A redécouvrir

Os Mutantes

- par Luke Warm

50 ans plus tard, le premier album des brésiliens Os Mutantes reste d’une modernité étonnante

Os Mutantes
Os Mutantes

1968 fût une année de bouleversements socialement, politiquement mais également musicalement dès lors que les musiciens essayaient de coller au vent de liberté et de contestation qui soufflait sur les sociétés occidentales.

Au Brésil, le dictature sévit depuis alors 4 ans et se durcit année après année. Contre cet ordre nationaliste et le traditionalisme qui guide alors la création musicale, plusieurs artistes inventent le tropicalisme introduisant l’électricité et le psychédélisme dans une musique brésilienne ronronnante, ouvrant la bossa nova à la pop et à l’avant-garde musicale, essayant d’ouvrir un Brésil recroquevillé aux influences étrangères et aux mouvements libertaires.

Les figures les plus prégnantes de ce mouvement resteront sans doute Caetano Veloso et Gilberto Gil notamment au travers du manifeste discographique tropicaliste, Tropicália ou Panis et Circencis, auquel participe aussi le groupe Mutantes qui sert aussi de backing band à Gilberto Gil depuis l’année précédente.

Tropicália ou Panis et Circencis ne précède que de quelques jours le premier album éponyme du groupe appelé alors Os Mutantes.
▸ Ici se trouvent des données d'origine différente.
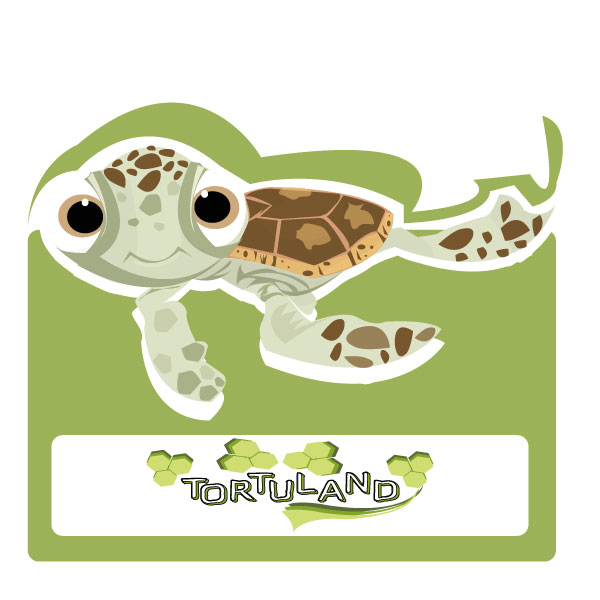 tortue.jpg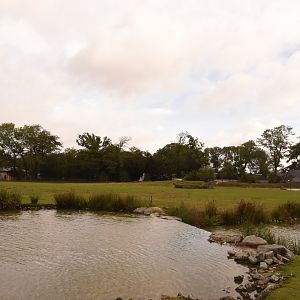 Bactrian Camel enclosure
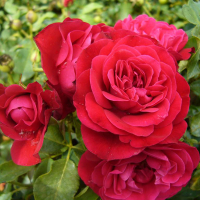 Роза штамбовая Red Meilove (Ред Мейлав), 7,5л купить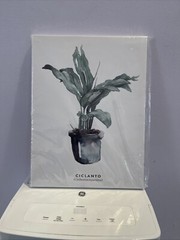 Canvas Print Wall Art 1 2X 16- Potted Palm 3 paintings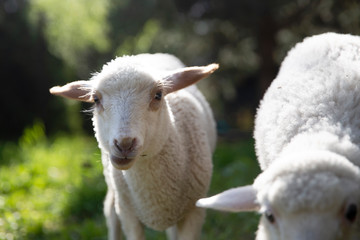 Two cute little lamb.  Small sheep at the farm. Healthy agriculture environment. Happy animal farm life.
Os Mutantes est un trio formé en 1964 par les frères Baptista auquel s’adjoint la chanteuse Rita Lee et qui se nommera successivement Wooden Faces, Six Sided Rockers et O Conjunto avant de s’arrêter définitivement sur Os Mutantes.

Particulièrement inventif, le trio compose une pop psychédélique ouverte aux influences de la musique concrète et aime expérimenter en studio respectant ainsi l’esprit du tropicalisme : foncièrement brésilien (dans la langue, dans les rythmes, dans les instrumentations) mais ouvert sur le monde.

Épaulé à l’écriture par Gilberto Gil, Caetano Veloso ou Jorge Ben, le groupe s’épanouit au sein d’arrangements piochant aussi bien dans la pop baroque sous acides des Beatles (Panis et Circenses, Ave Genghis Khan), la musique concrète (samplant des sons environnementaux ou une bombe aérosol sur Panis et Circenses ou Adeus Maria Fulô), le rock psychédélique (la guitare fuzz ou le feedback de A Minha Menina ou Bat Macumba), une pop pastorale –bonjour la flûte– très frenchy (sur l’inoxydable reprise de Françoise Hardy Le premier bonheur du jour) ou un swing exotica (Senhor F).

A la fois totalement dans l’air du temps et inoxydable.

Os Mutantes ne retrouvera jamais la flamme de ce premier jet malgré des albums recommandables avant une fâcheuse dérive vers le rock progressif.